- Promotional poster
- Genre: Documentary
- Directed by: Roger Ross Williams; Larissa Bills;
- Country of origin: United States
- Original language: English
- No. of seasons: 1
- No. of episodes: 4

Production
- Executive producers: Roger Ross Williams; Geoff Martz; Brian Grazer; Ron Howard; Sara Bernstein; Justin Wilkes; Barbara Kopple; Naomi Campbell; Cindy Crawford; Linda Evangelista; Christy Turlington Burns;
- Producers: Larissa Bills; Tom Grant; Lizz Morhaim; Julia Pontecorvo;
- Running time: 48–55 min
- Production companies: Imagine Documentaries; One Story Up;

Original release
- Network: Apple TV+
- Release: September 20, 2023

= The Super Models =

The Super Models is an American documentary series directed by Roger Ross Williams and Larissa Bills.
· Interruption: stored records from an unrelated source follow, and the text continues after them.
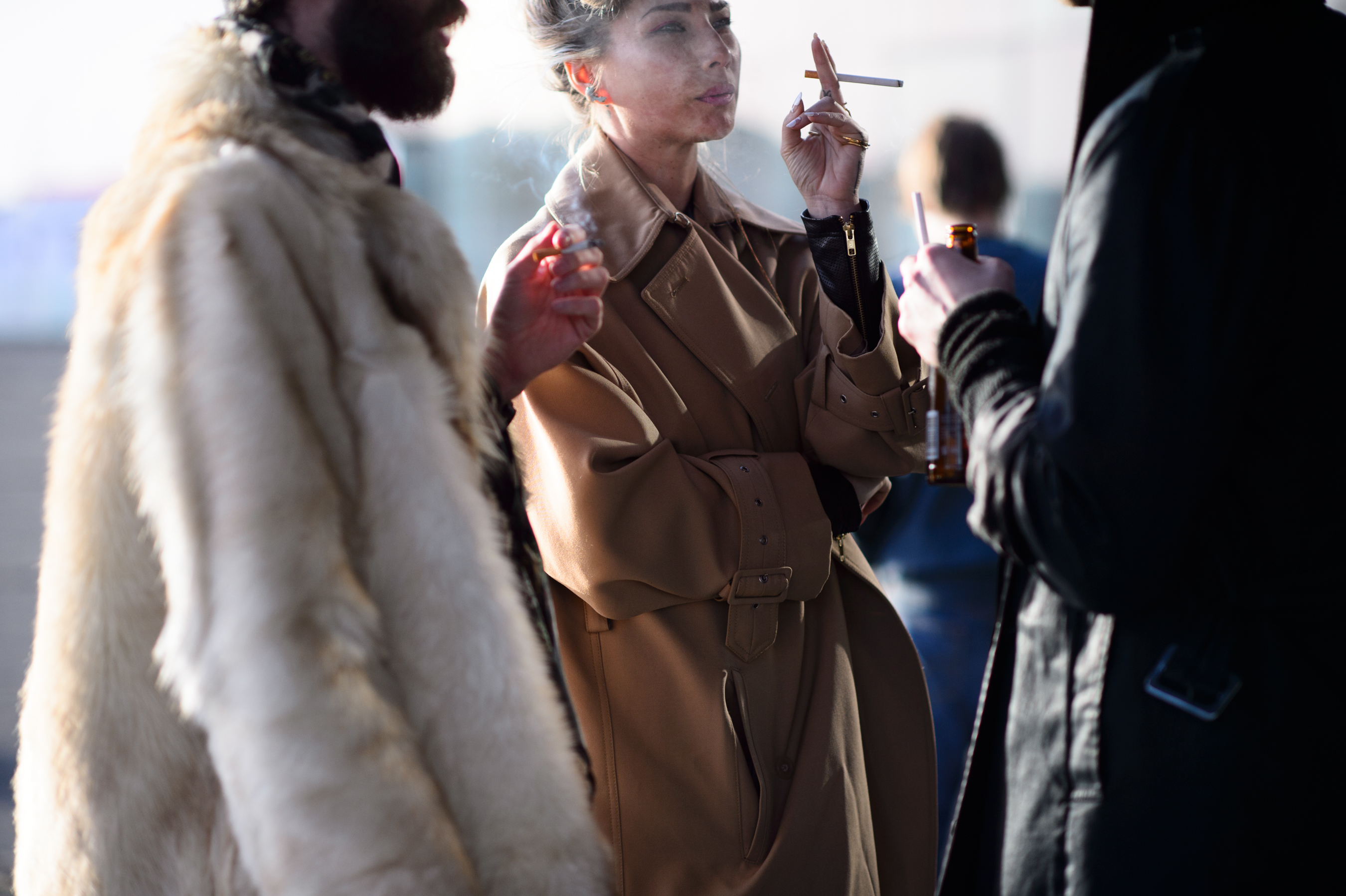 American girl smoking at fashion week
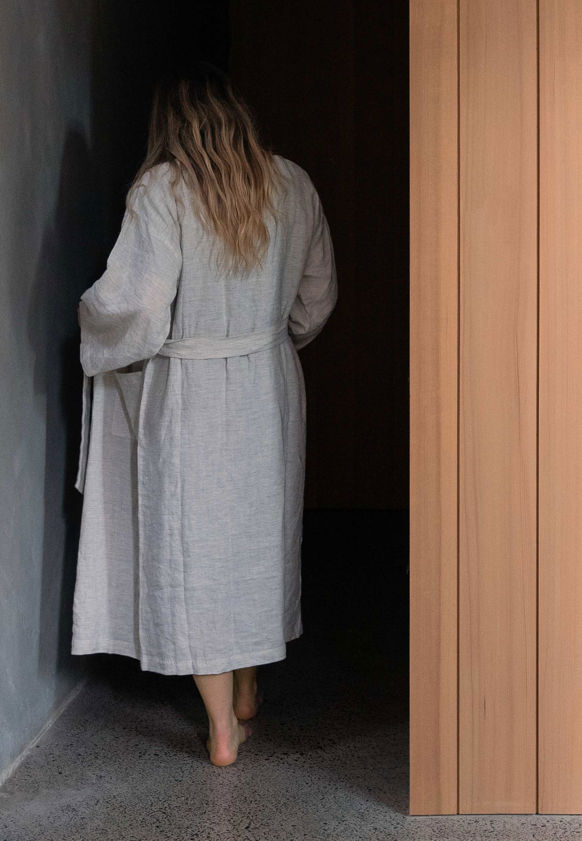 Pinstripe Linen Robe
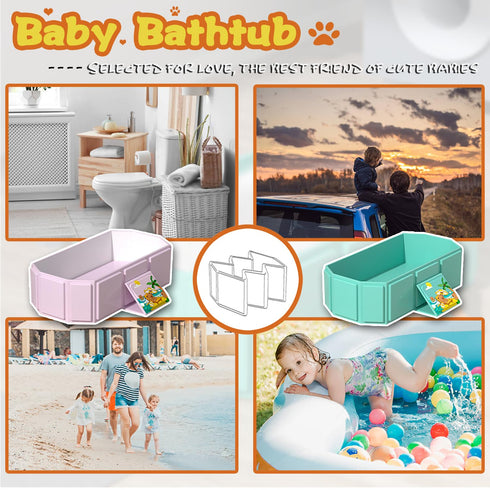 NARUNING Baby Foldable Children's Bathtub, Portable Non-Slip Shower Tray for Kids, Toddler Bath Tub with Drain Plug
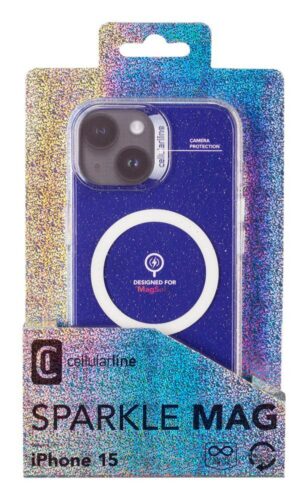 Třpytivý zadní kryt Cellularline Sparkle Mag s podporou Magsafe pro Apple iPhone 15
It follows the lives and careers of supermodels Naomi Campbell, Cindy Crawford, Linda Evangelista and Christy Turlington Burns.

It premiered on September 20, 2023, on Apple TV+.

==Premise==
The series follows the lives and careers of Naomi Campbell, Cindy Crawford, Linda Evangelista and Christy Turlington Burns.

==Episodes==

| No. | Title | Directed by | Original release date |
|---|---|---|---|
| 1 | "The Look" | Roger Ross Williams Larissa Bills | September 20, 2023 |
| 2 | "The Fame" | Roger Ross Williams Larissa Bills | September 20, 2023 |
| 3 | "The Power" | Roger Ross Williams Larissa Bills | September 20, 2023 |
| 4 | "The Legacy" | Roger Ross Williams Larissa Bills | September 20, 2023 |

==Production==
In October 2020, it was announced Naomi Campbell, Cindy Crawford, Linda Evangelista and Christy Turlington Burns would star in a documentary series, with Barbara Kopple set to direct, and Imagine Documentaries set to produce, alongside Apple TV+ distributing. Roger Ross Williams and Larissa Bills ended up directing the series, with Kopple serving as an executive producer.